> [The task]: Copy out the entire listing below exactly, but without its pictures.

> [Information shown]:
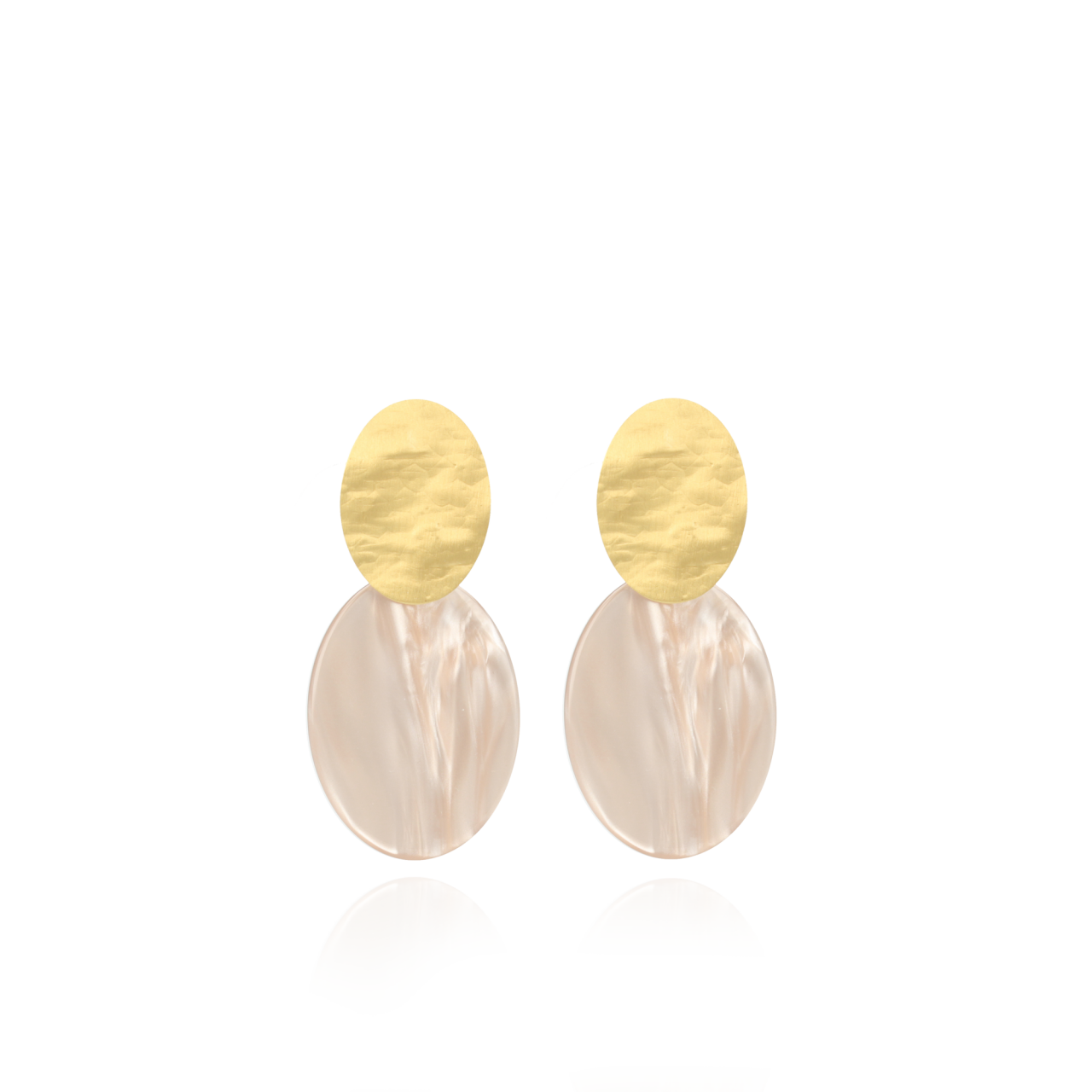 Pearl Earrings Celia Closed Oval S 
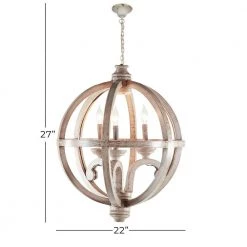 3-Light Gold Wood Chandelier by Litton Lane -Litton Lane Sales gold litton lane chandeliers 42618 d4 1000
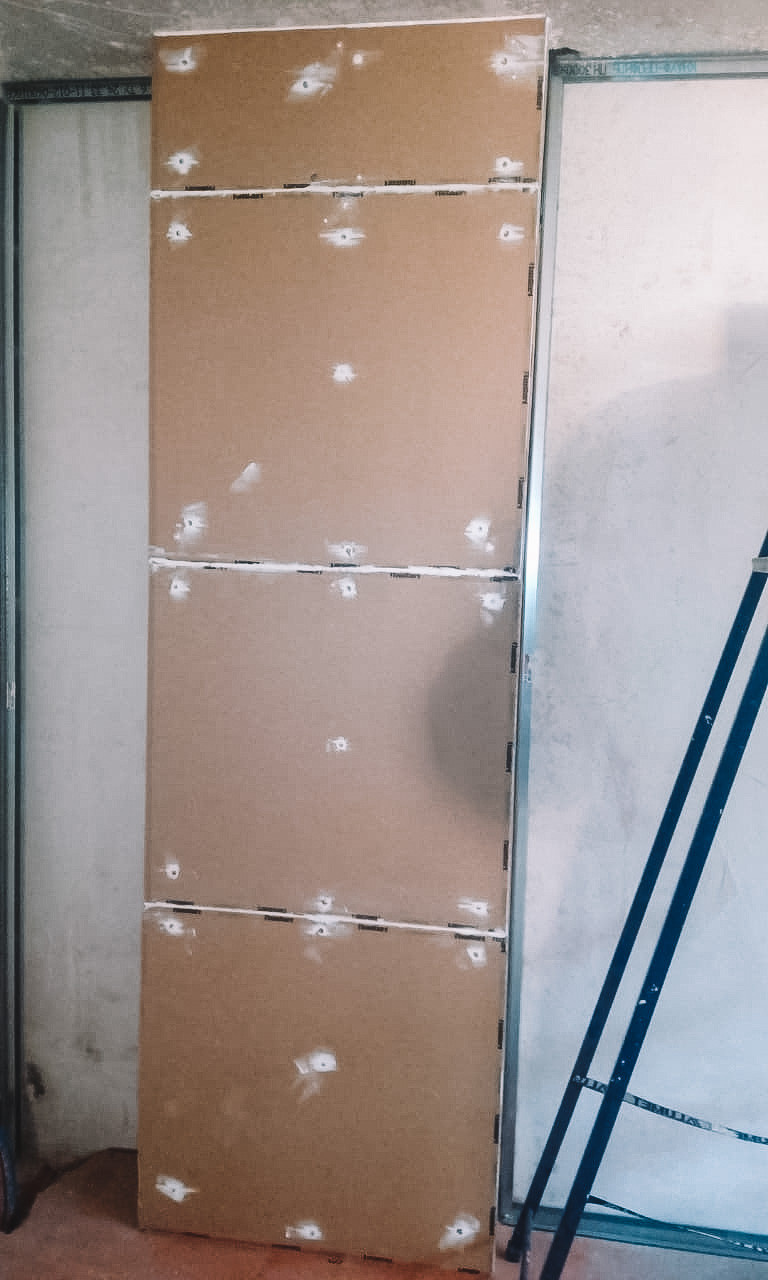 Звукоизоляция стены в Таунхаусе 15 м2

> [Task result]:
 Pearl Earrings Celia Closed Oval S 
 3-Light Gold Wood Chandelier by Litton Lane -Litton Lane Sales gold litton lane chandeliers 42618 d4 1000
 Звукоизоляция стены в Таунхаусе 15 м2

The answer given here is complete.